Segundo a entidade, o uso inadequado desses medicamentos pode aumentar a frequência e a gravidade de efeitos adversos, como déficit no crescimento e desenvolvimento, desidratação, distúrbios eletrolíticos, perda de massa muscular, pancreatite aguda e problemas na vesícula biliar.
A SBP também chama a atenção para os impactos na saúde mental. De acordo com a entidade, o uso desses medicamentos com finalidade exclusivamente estética pode desencadear transtornos alimentares, como anorexia e bulimia, além de ansiedade e depressão relacionadas à imagem corporal.
Outro alerta é para o risco da utilização de produtos sem procedência ou sem registro da Agência Nacional de Vigilância Sanitária (Anvisa), incluindo medicamentos clandestinos, manipulados ou importados irregularmente.
A sociedade médica reforça que esses medicamentos possuem indicações específicas, principalmente para o tratamento da obesidade e do diabetes tipo 2, e não devem ser utilizados por adolescentes com peso adequado apenas para atender a padrões estéticos. Mesmo quando há diagnóstico dessas doenças, a prescrição não é automática e deve considerar diversos fatores clínicos.
Antes de indicar o tratamento, o médico deve avaliar a resposta do paciente às mudanças no estilo de vida e a tratamentos anteriores, além da gravidade da doença, da presença de outras enfermidades, dos riscos envolvidos e da capacidade de acompanhamento do paciente e da família.
A SBP recomenda ainda substituir a expressão popular “canetas emagrecedoras” por “medicamentos para tratar a obesidade”, por considerar que o termo reforça a ideia de uso apenas para emagrecimento e contribui para a banalização do tratamento de uma doença crônica.
Entre os efeitos colaterais mais comuns estão náuseas, vômitos, refluxo, azia, diarreia e constipação, principalmente no período de ajuste das doses.

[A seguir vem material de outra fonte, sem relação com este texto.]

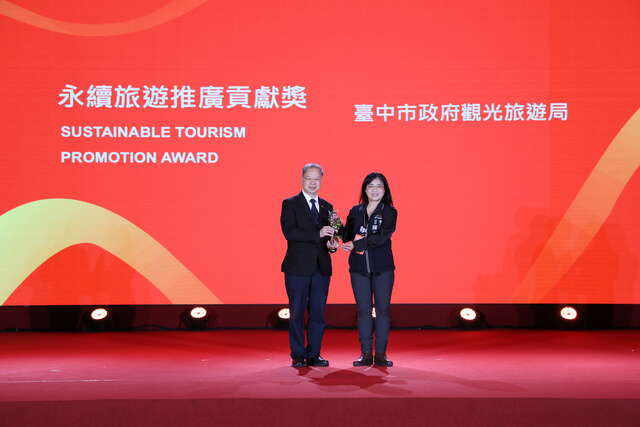 陈美秀局长受邀获颁永续旅游推广贡献奖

Já entre os eventos considerados potencialmente graves estão pancreatite, hipoglicemia, cálculos na vesícula e perda de massa magra.
Por fim, a entidade lembra que esses medicamentos são contraindicados para pessoas com alergia aos componentes da fórmula, gestantes, mulheres que estejam amamentando e pacientes com histórico pessoal ou familiar de carcinoma medular da tireoide ou síndrome de neoplasia endócrina múltipla tipo 2. Casos de pancreatite prévia exigem avaliação médica individualizada.
A Sociedade Brasileira de Pediatria destaca que as evidências científicas demonstram eficácia e segurança desses medicamentos quando utilizados dentro dos critérios estabelecidos e sempre associados à alimentação saudável, prática de atividade física e acompanhamento médico especializado. O maior problema, segundo a entidade, é a banalização do uso, especialmente impulsionada pelas redes sociais.